Jack's will rapidly out grow a firemouth- so a better choice would be a Texas cichlid, chocolate,green terror, or if you research a bit, any mid-level aggressive South or Central american cichlid of similar size. (i.e. NOT a red devil or black belt!) these fish reach 10 to 12 inches within the first couple of years of life, so you really can't get many in a 55g. However, if you only have two, one will beat up the other, so odd numbers work best.

If you want firemouths, you have the chance to have much more of an active community tank. Convicts, red jewels, green terrors, some of the large Geophagus, etc, will all get along and in a 55g you have room for maybe 3-5, depending on their adult size. 
Plus, I love "mixing" other types of fish- it gives you a much more diverse and interesting tank. An African black knife, or a clown knife is a good match. Pike cichlids, bichirs, ctenopomas, severums, parrot cichlids if you like hybrids, silver dollars, and even some of ther larger gourami and barb types would work.

Catfish and plecos do fine in 55g- but like Mr.Aquarium pointed out, common plecos get HUGE. Bristle nose, chocolates, Rhinos, and many other types of plecos not only are very interesting to look at, but don't grow as huge. Some great catfish would be dwarf giraffe cats, pimledelos(sp?), if you have a more aggressive tank an Asian redtail is a gorgeous catfish- mean as you-know-what tho. 

Fish to be wary of- pacus, SA red tail cats, and channel cats get beyond ridiculous enormous. they are SOOOOO cute in the pet stores as babies, but stay away from them!

Also, don't misunderstand me. I am not recommeding that you get one of each fish listed. FW tropical tanks should be an average of one inch of fish per gallon of water, with adequate filtration. This is the ADULT size of the fish, not the size from the pet store. also, some of the fish listed will gladly EAT other fish on the list. Make sure when adding fish you take into account size and compatiblity.


----------



## fishboy (Feb 26, 2005)

in a 55 you could get alot of small fish


----------



## euRasian32 (May 19, 2005)

Well, I've personally seen JD's reach 18, but that's 2 in a 125.

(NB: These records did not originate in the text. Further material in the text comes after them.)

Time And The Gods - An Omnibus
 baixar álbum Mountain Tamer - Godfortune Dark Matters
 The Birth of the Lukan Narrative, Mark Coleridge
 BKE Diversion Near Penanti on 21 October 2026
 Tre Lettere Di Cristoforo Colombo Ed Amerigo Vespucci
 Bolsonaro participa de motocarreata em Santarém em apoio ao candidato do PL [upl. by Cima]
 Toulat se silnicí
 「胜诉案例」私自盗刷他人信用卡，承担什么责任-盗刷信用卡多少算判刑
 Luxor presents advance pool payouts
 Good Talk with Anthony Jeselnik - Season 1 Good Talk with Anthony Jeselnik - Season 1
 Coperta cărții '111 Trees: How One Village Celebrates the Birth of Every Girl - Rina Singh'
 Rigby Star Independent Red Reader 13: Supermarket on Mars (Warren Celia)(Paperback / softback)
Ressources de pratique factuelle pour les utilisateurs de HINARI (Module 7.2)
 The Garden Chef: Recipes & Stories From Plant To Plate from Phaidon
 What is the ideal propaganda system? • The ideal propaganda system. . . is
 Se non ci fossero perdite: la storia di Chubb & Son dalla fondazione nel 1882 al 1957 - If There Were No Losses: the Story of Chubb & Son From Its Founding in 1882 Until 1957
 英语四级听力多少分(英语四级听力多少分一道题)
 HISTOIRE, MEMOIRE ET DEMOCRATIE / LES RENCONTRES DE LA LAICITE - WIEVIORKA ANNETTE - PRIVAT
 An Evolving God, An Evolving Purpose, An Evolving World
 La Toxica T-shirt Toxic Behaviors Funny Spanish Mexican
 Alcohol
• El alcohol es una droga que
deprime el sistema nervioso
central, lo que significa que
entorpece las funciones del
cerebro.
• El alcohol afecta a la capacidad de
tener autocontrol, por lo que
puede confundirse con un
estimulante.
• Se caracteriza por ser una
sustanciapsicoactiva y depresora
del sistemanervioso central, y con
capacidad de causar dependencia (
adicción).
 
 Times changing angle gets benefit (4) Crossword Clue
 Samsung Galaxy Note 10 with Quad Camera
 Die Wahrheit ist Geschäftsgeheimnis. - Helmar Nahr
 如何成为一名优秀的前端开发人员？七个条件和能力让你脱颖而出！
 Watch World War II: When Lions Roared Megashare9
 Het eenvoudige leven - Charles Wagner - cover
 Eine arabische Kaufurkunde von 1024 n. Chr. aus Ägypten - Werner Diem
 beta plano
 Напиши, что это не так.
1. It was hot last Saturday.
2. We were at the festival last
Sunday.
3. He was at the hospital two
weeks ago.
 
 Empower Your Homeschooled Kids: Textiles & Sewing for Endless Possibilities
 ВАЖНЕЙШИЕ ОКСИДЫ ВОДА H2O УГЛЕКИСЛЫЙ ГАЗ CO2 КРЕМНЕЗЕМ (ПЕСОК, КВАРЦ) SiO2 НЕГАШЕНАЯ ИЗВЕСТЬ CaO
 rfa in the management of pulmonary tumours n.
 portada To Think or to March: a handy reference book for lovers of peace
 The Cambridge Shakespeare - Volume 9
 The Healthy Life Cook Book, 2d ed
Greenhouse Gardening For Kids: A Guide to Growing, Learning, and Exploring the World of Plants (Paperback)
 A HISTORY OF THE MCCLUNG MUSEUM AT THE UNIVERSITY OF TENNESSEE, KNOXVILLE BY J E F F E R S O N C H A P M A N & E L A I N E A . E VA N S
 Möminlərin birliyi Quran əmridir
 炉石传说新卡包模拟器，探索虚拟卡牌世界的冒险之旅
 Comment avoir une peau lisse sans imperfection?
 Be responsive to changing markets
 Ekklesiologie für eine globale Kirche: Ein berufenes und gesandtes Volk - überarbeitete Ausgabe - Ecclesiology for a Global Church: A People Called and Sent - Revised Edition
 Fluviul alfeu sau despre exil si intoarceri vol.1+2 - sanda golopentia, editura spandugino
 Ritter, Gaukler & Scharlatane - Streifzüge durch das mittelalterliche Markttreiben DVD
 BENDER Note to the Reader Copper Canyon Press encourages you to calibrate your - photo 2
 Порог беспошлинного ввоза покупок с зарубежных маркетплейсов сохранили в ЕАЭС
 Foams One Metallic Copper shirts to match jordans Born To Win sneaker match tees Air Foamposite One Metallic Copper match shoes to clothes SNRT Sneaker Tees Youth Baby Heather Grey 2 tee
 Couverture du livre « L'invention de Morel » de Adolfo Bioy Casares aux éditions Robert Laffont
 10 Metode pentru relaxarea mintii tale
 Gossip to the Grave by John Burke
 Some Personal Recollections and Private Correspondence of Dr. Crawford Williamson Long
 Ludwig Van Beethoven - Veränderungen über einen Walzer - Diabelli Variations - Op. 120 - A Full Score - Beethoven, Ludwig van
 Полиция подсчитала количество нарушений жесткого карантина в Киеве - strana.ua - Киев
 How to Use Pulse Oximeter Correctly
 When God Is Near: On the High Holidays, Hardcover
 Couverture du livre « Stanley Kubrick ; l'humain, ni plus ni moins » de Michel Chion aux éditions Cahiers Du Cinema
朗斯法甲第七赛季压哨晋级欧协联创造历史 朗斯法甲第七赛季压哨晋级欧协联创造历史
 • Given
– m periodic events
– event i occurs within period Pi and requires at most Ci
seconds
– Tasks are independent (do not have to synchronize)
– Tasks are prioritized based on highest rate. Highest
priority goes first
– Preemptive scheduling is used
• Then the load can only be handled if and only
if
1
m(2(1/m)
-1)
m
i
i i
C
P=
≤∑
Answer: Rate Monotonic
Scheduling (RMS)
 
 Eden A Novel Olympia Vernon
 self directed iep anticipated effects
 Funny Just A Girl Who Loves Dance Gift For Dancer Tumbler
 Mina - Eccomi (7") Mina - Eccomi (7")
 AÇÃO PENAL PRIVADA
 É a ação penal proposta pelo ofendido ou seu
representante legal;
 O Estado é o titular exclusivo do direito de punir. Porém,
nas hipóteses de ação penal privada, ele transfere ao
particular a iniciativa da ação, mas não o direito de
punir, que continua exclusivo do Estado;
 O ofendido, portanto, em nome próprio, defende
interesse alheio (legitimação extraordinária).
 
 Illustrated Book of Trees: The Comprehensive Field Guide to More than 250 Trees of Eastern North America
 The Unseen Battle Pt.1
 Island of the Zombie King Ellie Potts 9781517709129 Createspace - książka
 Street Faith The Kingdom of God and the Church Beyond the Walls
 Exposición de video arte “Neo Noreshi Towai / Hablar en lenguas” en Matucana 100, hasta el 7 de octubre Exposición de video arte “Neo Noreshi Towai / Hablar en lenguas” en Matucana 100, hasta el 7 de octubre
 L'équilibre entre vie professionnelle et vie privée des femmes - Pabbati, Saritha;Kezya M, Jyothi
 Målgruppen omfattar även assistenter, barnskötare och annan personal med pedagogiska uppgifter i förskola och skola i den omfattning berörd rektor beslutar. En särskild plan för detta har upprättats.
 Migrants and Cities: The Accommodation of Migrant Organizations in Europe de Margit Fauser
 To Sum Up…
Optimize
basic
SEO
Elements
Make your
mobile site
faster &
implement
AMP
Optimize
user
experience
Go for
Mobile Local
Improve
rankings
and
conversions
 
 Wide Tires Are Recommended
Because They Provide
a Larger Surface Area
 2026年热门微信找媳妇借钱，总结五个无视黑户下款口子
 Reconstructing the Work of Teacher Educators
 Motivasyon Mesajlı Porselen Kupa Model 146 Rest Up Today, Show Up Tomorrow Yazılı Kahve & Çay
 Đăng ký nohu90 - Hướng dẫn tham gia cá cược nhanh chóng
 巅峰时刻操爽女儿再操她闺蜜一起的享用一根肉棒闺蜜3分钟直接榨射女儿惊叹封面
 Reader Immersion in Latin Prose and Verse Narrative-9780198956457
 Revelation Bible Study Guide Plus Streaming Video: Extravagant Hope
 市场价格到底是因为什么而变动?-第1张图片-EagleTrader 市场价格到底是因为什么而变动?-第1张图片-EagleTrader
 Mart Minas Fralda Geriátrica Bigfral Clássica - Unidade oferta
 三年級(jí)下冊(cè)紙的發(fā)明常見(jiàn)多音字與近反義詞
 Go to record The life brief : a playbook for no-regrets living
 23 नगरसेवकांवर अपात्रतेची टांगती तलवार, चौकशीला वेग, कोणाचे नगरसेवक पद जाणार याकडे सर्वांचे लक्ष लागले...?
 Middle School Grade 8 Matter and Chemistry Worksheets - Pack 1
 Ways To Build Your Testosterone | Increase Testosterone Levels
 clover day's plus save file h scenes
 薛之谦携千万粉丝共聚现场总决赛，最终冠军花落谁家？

Personally after all of my cichlid drama, just choose ONE more species that is fairly equal in size for the 55. 
My personal suggestions:
Pike cichlid; nicaraguense, buttekoferi, or a pair of severums, or an oscar only if plans for a 75+ are in the mix for the future.
Stay away from the managuense, green terror, and the red devil. Stress and drama.


----------



## DavidZ (Jul 24, 2005)

i think im just gonna forget the jack and go for a cichlid community tank thanks for all the information


----------



## fishfreaks (Jan 19, 2005)

no problem, although i was just going to suggest a blue acara. that should do well in a community tank, just keep in mind that they are territorial.


----------